--- Task requirements ---
Beginning with the line that contains "Anello Harbour - Oro" and ending with the line that contains "Bej Apoletli Su", reproduce the lines of the entries below exactly, omitting pictures.

--- Data in this exercise ---

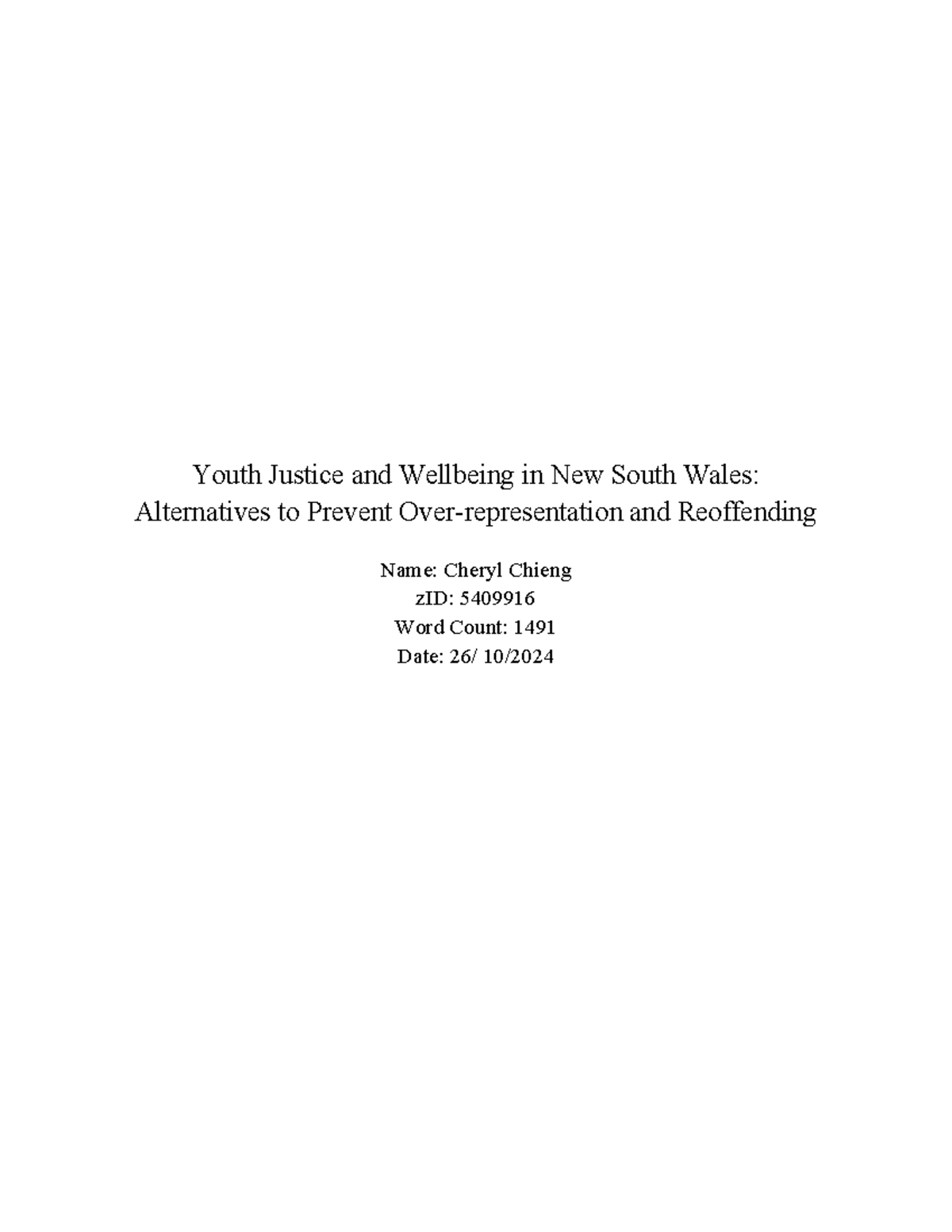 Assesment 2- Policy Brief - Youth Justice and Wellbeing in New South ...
---
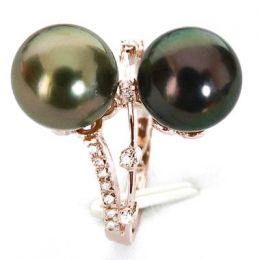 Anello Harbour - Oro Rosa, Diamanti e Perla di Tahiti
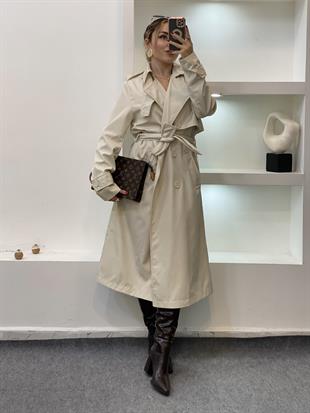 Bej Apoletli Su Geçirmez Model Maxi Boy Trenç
...
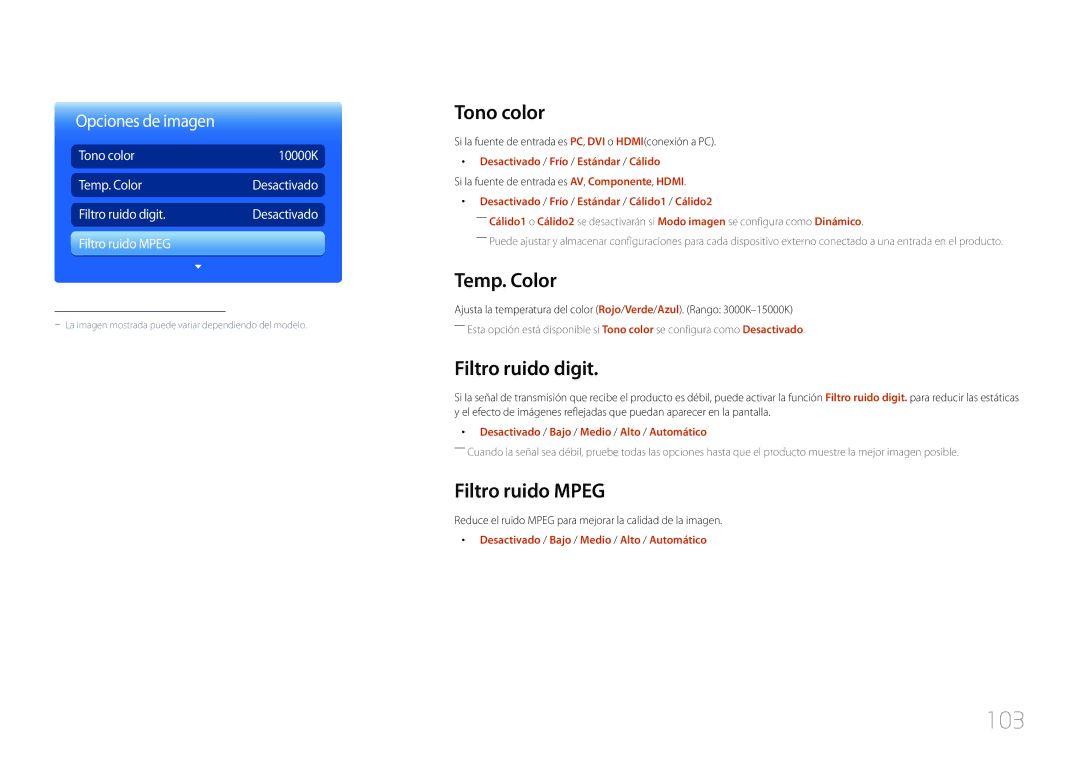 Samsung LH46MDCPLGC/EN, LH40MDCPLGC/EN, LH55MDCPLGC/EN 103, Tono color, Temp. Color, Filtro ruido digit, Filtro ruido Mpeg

--- Output below ---
 Anello Harbour - Oro Rosa, Diamanti e Perla di Tahiti
 Bej Apoletli Su Geçirmez Model Maxi Boy Trenç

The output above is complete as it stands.